The Government, with whom the applicant agrees, submit that the applicant can no longer claim to be a victim of the alleged violation. They point out that, following the Supreme Court’s decision of 7 June 2000, the Vienna Regional Criminal Court held a public hearing on 31 July 2000 including a public prounouncement of its decision.
Having regard to these circumstances, the Court finds that the applicant can no longer claim to be a victim of the alleged violation, as required by Article 34 of the Convention.
It follows that this part of the application is manifestly ill-founded within the meaning of Article 35 § 3 of the Convention and must be rejected in accordance with Article 35 § 4.
2. The applicant also complains under Article 6 § 1 about the alleged unfairness of the compensation proceedings. He submits in particular that in the preceding criminal proceedings only incriminating evidence was taken and claims that in the compensation proceedings he was no longer in a position to offer exonerating evidence.
The Court notes that the applicant, assisted by counsel, was heard in the compensation proceedings and was given the opportunity to adduce evidence. It follows from his submissions that he did not consider himself in a position to propose further evidence, as - in his view - the witnesses heard at the trial had cleared him of all suspicion. The Court, thus, finds no indication that the applicant could not duly forward his arguments or that the proceedings were otherwise unfair.
It follows that this part of the application must be rejected as being manifestly ill-founded pursuant to Article 35 §§ 3 and 4 of the Convention.

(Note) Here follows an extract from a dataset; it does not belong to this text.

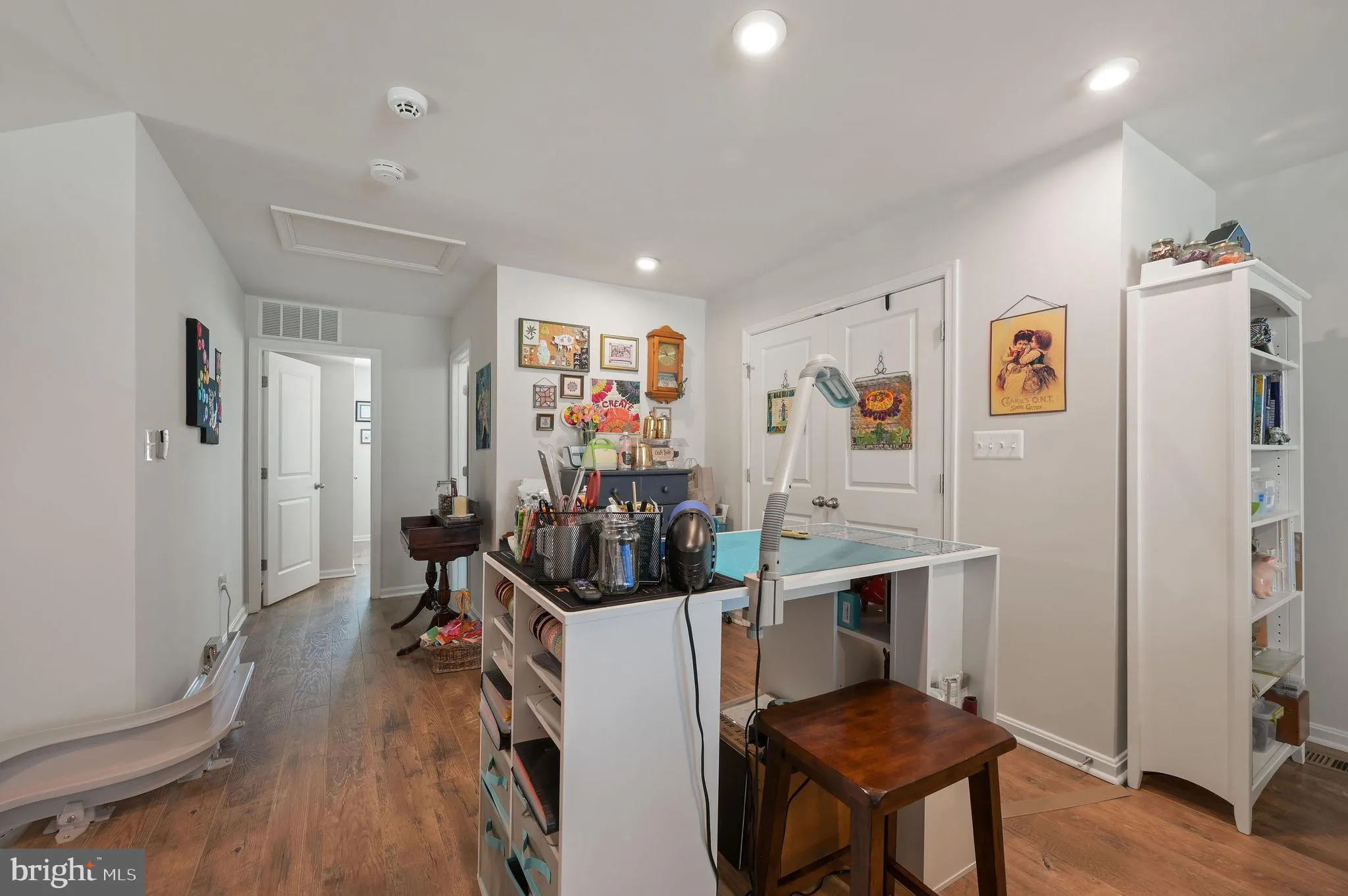 Additional image 64 of 24063 Havenwood Lane, Lewes, DE 19958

3. The applicant complains that the courts failed to respect the presumption of innocence when deciding on his compensation claim. He invokes Article 6 § 2 of the Convention which reads as follows:
“Everyone charged with a criminal offence shall be presumed innocent until proved guilty according to law.”
The Government contend that the present case has to be distinguished from the above-cited Sekanina v. Austria case. What was decisive in that case was that the courts, deciding on the compensation claim, assessed the question whether the suspicion against the accused had been dissipated on the basis of the file, thereby replacing the jury’s evaluation of the evidence. In the present case, the courts did no more than repeating the reasons given in the supplement to the abridged version of the Regional Court’s judgment of 31 March 1995 without making any re-assessment of the applicant’s guilt. Referring to the Constitutional Court’s judgment of 29 September 1994, the Government argue that in these circumstances there was no violation of Article 6 § 2 of the Convention.
The applicant did not make any submissions on this point.
The Court considers, in the light of the parties’ submissions, that this complaint raises complex issues of law and fact under the Convention, the determination of which should depend on an examination of the merits of the application. The Court concludes, therefore, that this part of the application is not manifestly ill-founded within the meaning of Article 35 § 3 of the Convention. No other grounds for declaring it inadmissible have been established.
For these reasons, the Court unanimously
Declares admissible, without prejudging the merits, the applicant’s complaint that the courts deciding on his compensation claim for detention on remand violated the presumption of innocence ;
Declares inadmissible the remainder of the application.